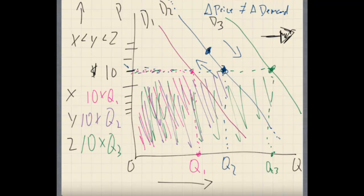Okay, now we're back. Hopefully you've seen the last series in this and this all makes sense. What we have here is we understand that when we move the demand curve to the left, we decrease it; move it to the right, we increase it.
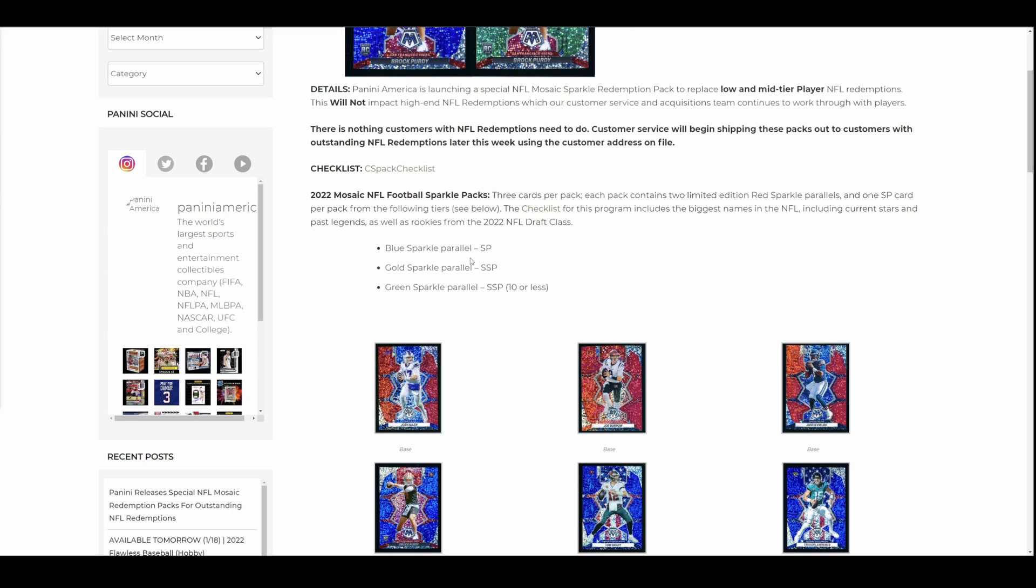And listen, this is just for NFL. Who's to say basketball is not next? So if you have NBA redemptions out there, now this, I have no inside information. This is just me speculating. But if they're willing to do this for football, why wouldn't they be willing to do it for other sports? Soccer, racing, WWE, wrestling, whatever else they got. But basketball would be the other big one.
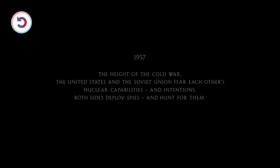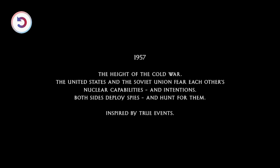The movie is set in 1957, at the height of the Cold War, when the United States and the Soviet Union both use spies against each other for fear of their respective nuclear weapons.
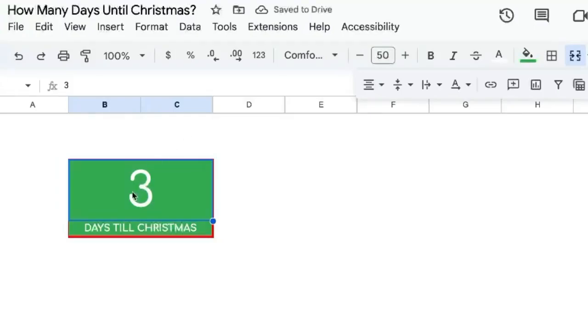How many days till Christmas? It's not three days. It's actually December 12th when we're recording this, and I want to figure out how many days until the next Christmas and I want to do this automatically.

——————————

### Exercise details
Your output should be the lines from the line containing "And listen, this" through the last line of the listing above, restated exactly, with no pictures among them.

### Answer to the problem
And listen, this is just for NFL. Who's to say basketball is not next? So if you have NBA redemptions out there, now this, I have no inside information. This is just me speculating. But if they're willing to do this for football, why wouldn't they be willing to do it for other sports? Soccer, racing, WWE, wrestling, whatever else they got. But basketball would be the other big one.
The movie is set in 1957, at the height of the Cold War, when the United States and the Soviet Union both use spies against each other for fear of their respective nuclear weapons.
How many days till Christmas? It's not three days. It's actually December 12th when we're recording this, and I want to figure out how many days until the next Christmas and I want to do this automatically.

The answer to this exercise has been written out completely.